Diercks et al. reported a multi-biosensor chip for in situ detection of toxic algae (Figure 6a) [159]. The biosensors consisted of an array of 16 gold electrodes for detecting up to 14 target species simultaneously. McCoy et al. reported a multiplex surface plasmon resonance biosensor for monitoring the toxic bloom of Alexandrium minutum algae on the coast [160]. The detection results showed an obvious consistency with those from a light microscope. Toldra et al. proposed an electrochemical DNA biosensor for detecting Ostreopsis cf. ovata [40]. As shown in Figure 6b, isothermal recombinant polymerase amplification and sandwich hybridization are used to detect this species on electrode arrays with maleimide-coated magnetic beads. The biosensor showed the detection results in planktonic and benthic environmental samples similar to that with the qPCR and colorimetric assay methods.
Apart from the toxic algae, marine pathogens, including viruses, bacteria and protozoa, can cause the contamination of seafood, finally resulting in human infections [163,164]. Some pathogens originate from natural marine waters, such as the cholera bacterium and Vibrio cholera [165], while some others, such as fecal streptococci and escherichia coli, originate from defecation/urination/shedding of human or animal hosts and are carried via rivers or sewage effluent into coastal water [166]. For measuring these pathogens, there is no universal method due to their physical structure differences between different pathogens. One promising method is based on DNA biosensors [167,168,169].

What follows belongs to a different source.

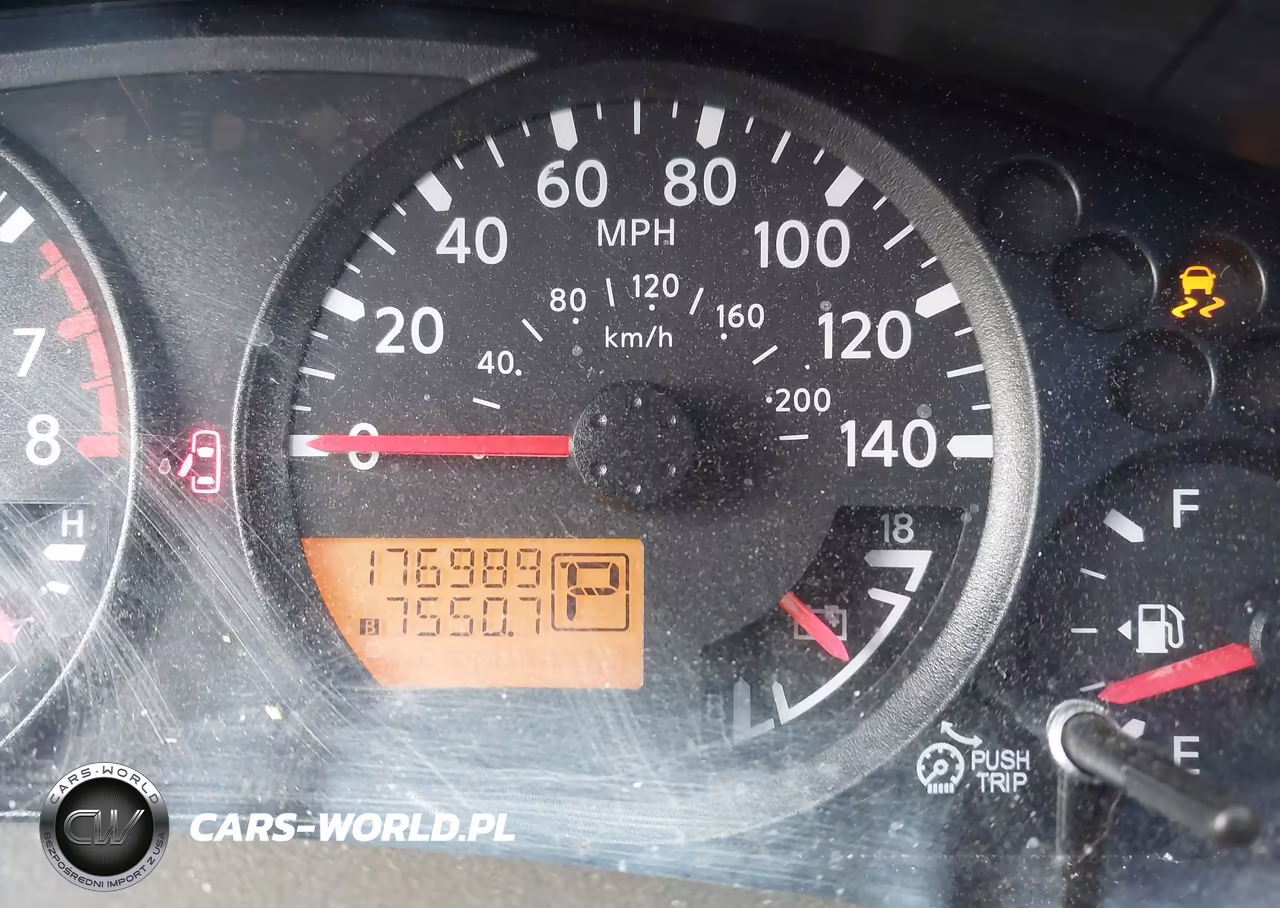 2016 Nissan Frontier Sv VIN:1N6AD0EVXGN739366 - 16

Some novel biosensing platforms have been developed in recent years. For example, Liu et al. reported a rapid, high-throughput, portable and easy-to-operate fish-based microfluidic platform (Figure 6c) [161]. The system can simultaneously detect waterborne pathogens and evaluated their infection potential. Liu et al. reported a lateral-flow DNA-aptamer-based biosensor for detecting Singapore grouper iridovirus (SGIV) (Figure 6d) [162]. Two DNA aptamers against SGIV-infected cells were used for SGIV detection, one for target isolation and the other for the strand displacement amplification reaction. Compared to the PCR methods, the method does not need sophisticated equipment, and takes no more than 90 min for the detection.

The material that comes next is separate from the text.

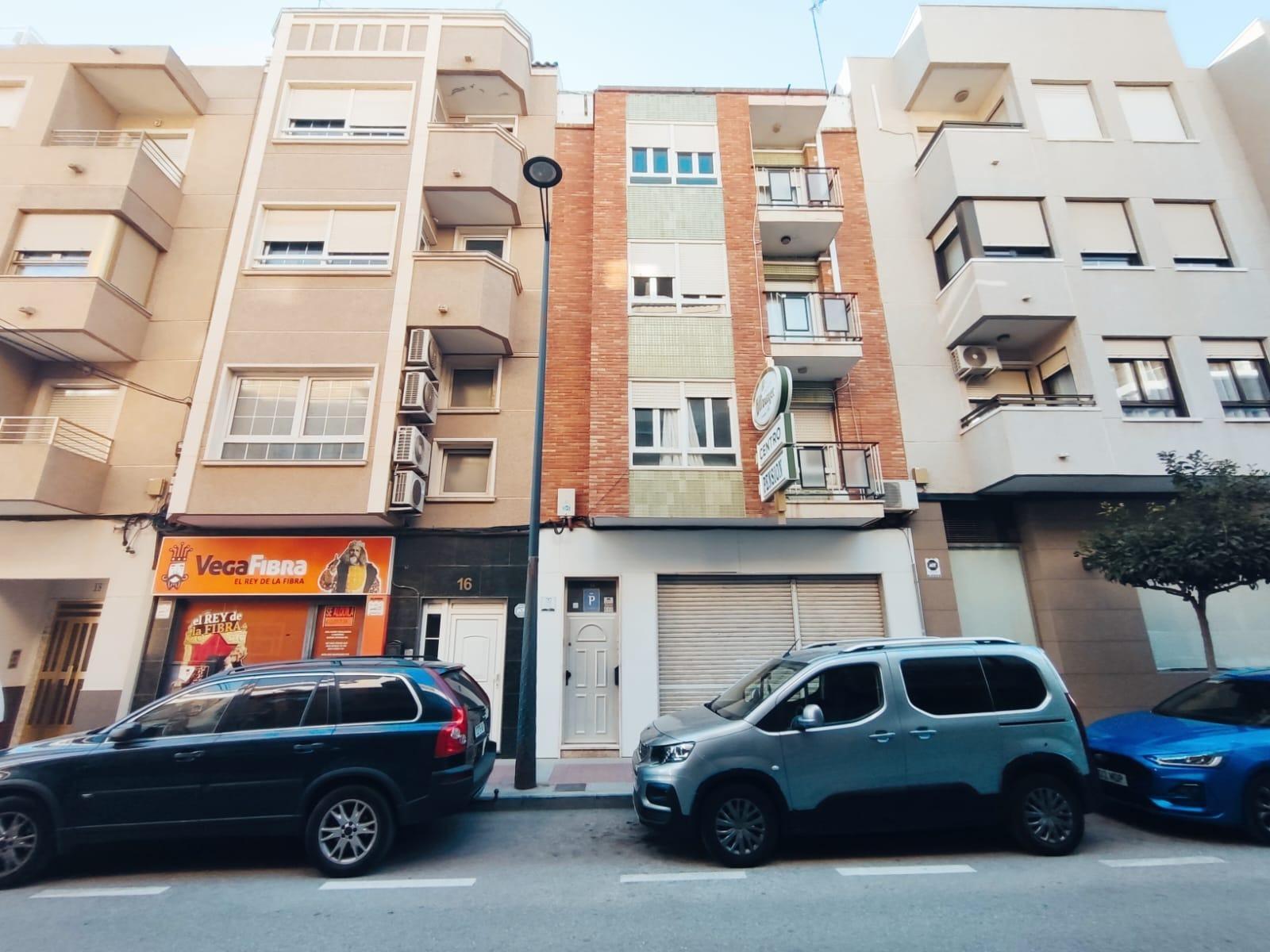Hostal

Table 5 shows the characteristics of several representative in situ and non-in situ uncommercial marine microorganism sensors. The detection of marine microorganisms is based on biosensing technology. Toxic algae and pathogens are the most common marine microorganisms of concern, but there are no universal detection methods. Various electrochemical and optical methods and devices have been reported in recent years. However, most of the reported sensors were only tested in the laboratory, and the field testing is necessary. DNA-biosensor-based electrochemical and optical methods are the promising direction due to their specificities, and more efforts should be made to optimize their efficiency, performance, sensibility, detection limits, versatility, sophistication and automation.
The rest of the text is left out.